The minister was quick to highlight poor performance of the agriculture sector contributing to missed GDP growth rate target.
Why GDP growth target was missed?
The government had also missed the GDP growth rate target last year, recording at 4.2% against a set target of 5.1%.
Elaborating details of the economic survey here at a presser, Dar hastened to add that the government was taking measures to improve the GDP growth rate.
He underlined that decrease in cotton crop production up to 28% was a major setback for the GDP growth rate.
Finance Minister said country’s foreign exchange reserves achieved new record of $21.6 billion on 30th of May this year.
Dar said development rate in finance, insurance sector was recorded at 7.1%. He also highlighted that agriculture growth rate target also could not be met.
Gas and electricity production rate stood at 12.3% last year, while the same was recorded 11.81% this year, he added. Performance of the railway sector improved in the last nine months, he added.
The finance minister said agriculture growth rate was pitched at 3.9%, but it could not be achieved due to destruction of cotton crop.
Inflation remained under control
The minister said the inflation remained under control as government pursued a firm monetary policy leading to lower spending/demand and higher savings.
Dar described the fall of exports, resulting in missed fiscal deficit target. Exports went down to $18.18 billion. The decrease in commodity and oil prices kept the return at low.
The industries sector surpassed its estimated growth target of 6.4pc and the services sector achieved its targeted growth.
In services sector, a 11.13% growth was recorded in general government services against the target of 6%. Services had registered growth 4.9% last year.
Public Sector Development Programme (PSDP) Rs700bn allocations, only Rs429bn was disbursed for development projects compared to Rs349bn of the total Rs535bn allocated to the PSDP last year.
The government had planned to push Tax-to-GDP ratio to 12.5pc (to collect Rs 3.4 trillion), but it actually achieved 8.4% (Rs 2.3 trillion could be collected) in the current fiscal year.

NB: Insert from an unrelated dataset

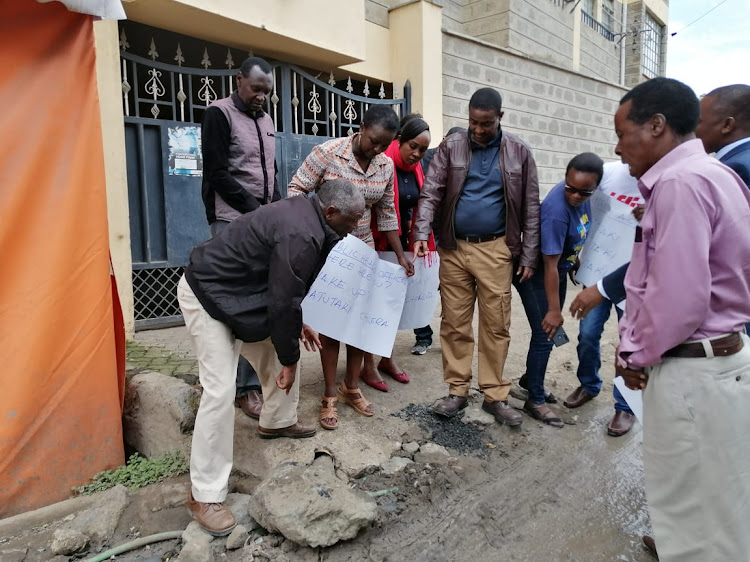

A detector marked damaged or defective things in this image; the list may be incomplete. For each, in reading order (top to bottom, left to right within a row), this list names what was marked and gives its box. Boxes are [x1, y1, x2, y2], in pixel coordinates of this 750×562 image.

pothole in road [394, 402, 500, 456] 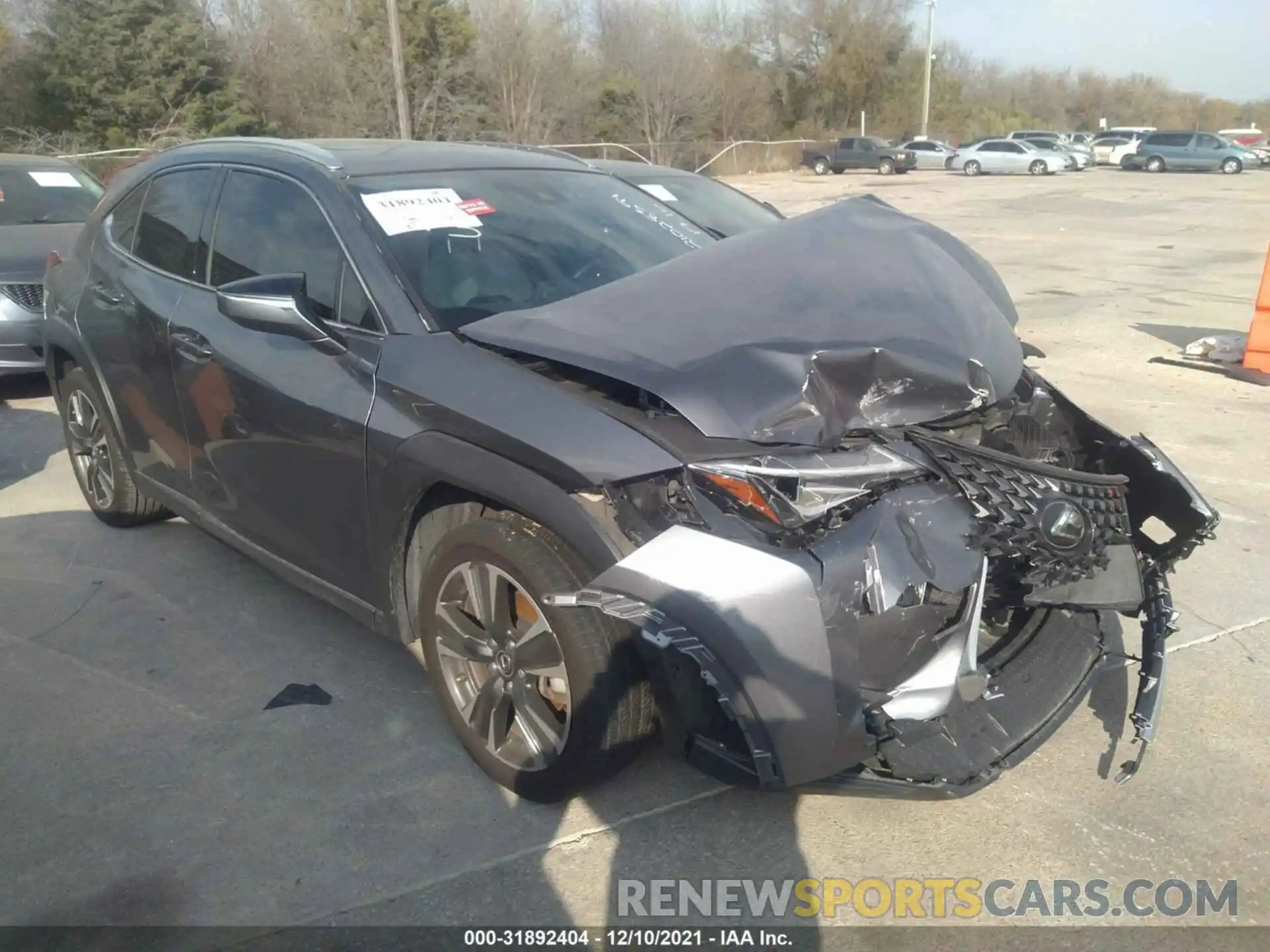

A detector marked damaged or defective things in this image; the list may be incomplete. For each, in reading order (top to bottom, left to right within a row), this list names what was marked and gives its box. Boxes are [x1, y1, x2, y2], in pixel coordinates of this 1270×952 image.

The problem is exacerbated because only 0.45pc of the total population filed a tax return, which corresponds to just 15pc of the potential tax base.
Education and employment
Unemployment witnessed a slight decrease in the current fiscal from 6% in 2014 to 5.9% in 2015.
The government spent 1.67% of the GDP on education last year.
Cost of war on terror
The Finance minister said the war on terror cost Pakistan US $ 118 billion since 9/11 attacks. He said anti-terror operations were going on successfully across the country.
He highlighted that losses inflicted in the war on terror during the outgoing fiscal year cost $ 9.4 billion.
Import, export, remittances
Ishaq Dar said exports stood at 18.18 billion dollars and imports at 32.70 billion dollars during first ten months of the current financial year.
“Remittances by Overseas Pakistanis stood at 16.3% in ten months and foreign direct investment increased by 5.4%. Most of the FDI went to electricity and gas sectors.”
He said Stock market index crossed 36,000 points.
“Industrial growth stood at 6.8% as against revised target of 4.81% of last year. Large-scale manufacturing registered growth of 4.61% as against 3.29% last year,” he said.
The minister said major improvement was shown by automobile sector which grew by 23.4% followed by fertilizer 115.9%, leather products 12%, rubber products 11.7%, cement 10,4%, chemicals 10% and fertilizer 7.2%. Construction sector also registered 13.10% increase as compared to last year’s growth of 6.24%.
The finance minister said country’s foreign exchange reserves achieved new record of 21.6 billion dollars on 30th of May this year.
He said rupee-dollar parity is stable and per capita income stood at 1560.7 dollar.